Melody Chua, Master of Arts in Transdisciplinary Studies
Public Lecture Series
DECEMBER 7th, 17:15 -18:30 | Kino Toni, ZHdK | Live stream
The improvisation machine is an elusive figure. It has no universally agreed-upon form but is instead in a state of continuous fluidity of audiovisual representations. Throughout the performance, it shifts between being treated as a distinct musical agent to being regarded as an embodied posthuman extension to its human counterpart. It is always in tension between the attempt to recognize it as a distinctly encapsulated entity and at the same time as a synergy of independent entities, the fluctuations between which are shaped through immersive representations of itself and the performance environment.
The development of and performance with an improvisation machine can, with careful reflection, serve as a practical method upon which to be relinquished from our traditional understandings of embodiment. The form of the improvisation machine—fragmented through spatially separated electronic devices and mediums—is inherently discombobulated. Indeed, the fragmentation of the improvisation machine reflects a mindbody conceptualization offered by media artist and researcher Lisa Blackman: “We are never a singular body, but are multiple bodies that are brought into being and held together through complex practices of self-production.”

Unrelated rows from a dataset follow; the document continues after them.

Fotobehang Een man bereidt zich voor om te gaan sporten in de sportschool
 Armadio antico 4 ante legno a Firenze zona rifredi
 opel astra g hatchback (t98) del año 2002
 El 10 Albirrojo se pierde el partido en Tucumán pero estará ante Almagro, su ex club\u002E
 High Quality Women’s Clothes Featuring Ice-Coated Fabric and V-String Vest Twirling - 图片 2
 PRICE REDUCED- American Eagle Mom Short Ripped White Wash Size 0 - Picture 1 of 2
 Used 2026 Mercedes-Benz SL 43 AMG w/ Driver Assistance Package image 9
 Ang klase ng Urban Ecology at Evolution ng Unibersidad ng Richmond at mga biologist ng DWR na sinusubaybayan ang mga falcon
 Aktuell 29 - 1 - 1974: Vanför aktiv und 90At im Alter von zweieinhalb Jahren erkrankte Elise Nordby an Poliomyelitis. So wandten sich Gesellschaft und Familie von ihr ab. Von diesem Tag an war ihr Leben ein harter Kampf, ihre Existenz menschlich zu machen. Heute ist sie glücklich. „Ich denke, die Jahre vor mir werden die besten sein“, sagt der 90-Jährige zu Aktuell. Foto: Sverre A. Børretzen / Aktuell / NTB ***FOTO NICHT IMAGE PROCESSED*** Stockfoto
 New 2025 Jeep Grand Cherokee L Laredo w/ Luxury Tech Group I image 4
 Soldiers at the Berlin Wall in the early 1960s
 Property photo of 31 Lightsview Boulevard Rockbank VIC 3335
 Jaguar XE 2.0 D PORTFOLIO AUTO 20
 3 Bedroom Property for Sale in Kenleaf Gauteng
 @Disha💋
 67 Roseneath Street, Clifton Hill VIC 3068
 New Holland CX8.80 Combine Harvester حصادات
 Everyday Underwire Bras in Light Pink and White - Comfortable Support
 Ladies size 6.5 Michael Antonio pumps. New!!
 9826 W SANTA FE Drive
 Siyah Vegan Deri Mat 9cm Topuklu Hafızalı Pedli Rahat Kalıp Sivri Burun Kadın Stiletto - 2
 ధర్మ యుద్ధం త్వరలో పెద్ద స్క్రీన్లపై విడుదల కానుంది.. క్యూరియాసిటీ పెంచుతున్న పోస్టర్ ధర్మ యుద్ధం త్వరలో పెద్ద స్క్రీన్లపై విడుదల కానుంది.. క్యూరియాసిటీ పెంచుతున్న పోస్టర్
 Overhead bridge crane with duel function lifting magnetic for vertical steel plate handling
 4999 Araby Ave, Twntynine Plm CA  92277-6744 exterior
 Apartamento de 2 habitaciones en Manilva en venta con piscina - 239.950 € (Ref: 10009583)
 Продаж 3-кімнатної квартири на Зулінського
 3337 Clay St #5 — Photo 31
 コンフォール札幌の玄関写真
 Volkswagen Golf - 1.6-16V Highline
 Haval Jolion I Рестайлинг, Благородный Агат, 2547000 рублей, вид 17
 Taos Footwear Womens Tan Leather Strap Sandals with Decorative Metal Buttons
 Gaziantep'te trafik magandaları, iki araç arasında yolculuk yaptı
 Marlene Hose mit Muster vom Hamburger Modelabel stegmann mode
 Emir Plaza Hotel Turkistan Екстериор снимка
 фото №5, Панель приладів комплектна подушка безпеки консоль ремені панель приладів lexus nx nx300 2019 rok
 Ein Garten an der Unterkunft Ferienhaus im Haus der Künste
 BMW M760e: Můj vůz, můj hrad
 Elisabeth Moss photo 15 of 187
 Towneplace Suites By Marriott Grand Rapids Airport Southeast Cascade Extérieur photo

In this lecture, I reflect upon the facets of immersion and embodiment as they manifest in the field of improvised music performance between human and nonhuman agents, using my work black box fading as a case study. How do immersive representations of and experiences between such agents on both audio and visual levels instigate different considerations of what embodiment can be? How can these reflect our biases concerning control, (dis)orientation, and vulnerability in immersive environments?
Melody Chua is an interdisciplinary artist working with interactive technologies in improvisation settings as both vehicles of narrative expression and as opportunities to destabilize the normatives present in one’s relationship with such technologies. The aesthetics of her work gravitate towards immersive futuristic fictions with undertones of nostalgia and introspection, pulling audiences into intimate worlds. Awarded a Fulbright-Swiss Government Excellence Scholarship for the development of a sensor-augmented flute (Chaosflöte), Melody has performed and guest-lectured internationally at festivals and institutions such as the Swiss Digital Day, Network Music Festival, Atlantic Music Festival Future Music Lab, La Côte Flute Festival, Performing Media Festival, Montreal Contemporary Music Lab, New Interfaces for Music Expression (NIME) Conference, University of Music and Performing Arts Stuttgart, University of South Florida, and Embry-Riddle Aeronautical University, among others.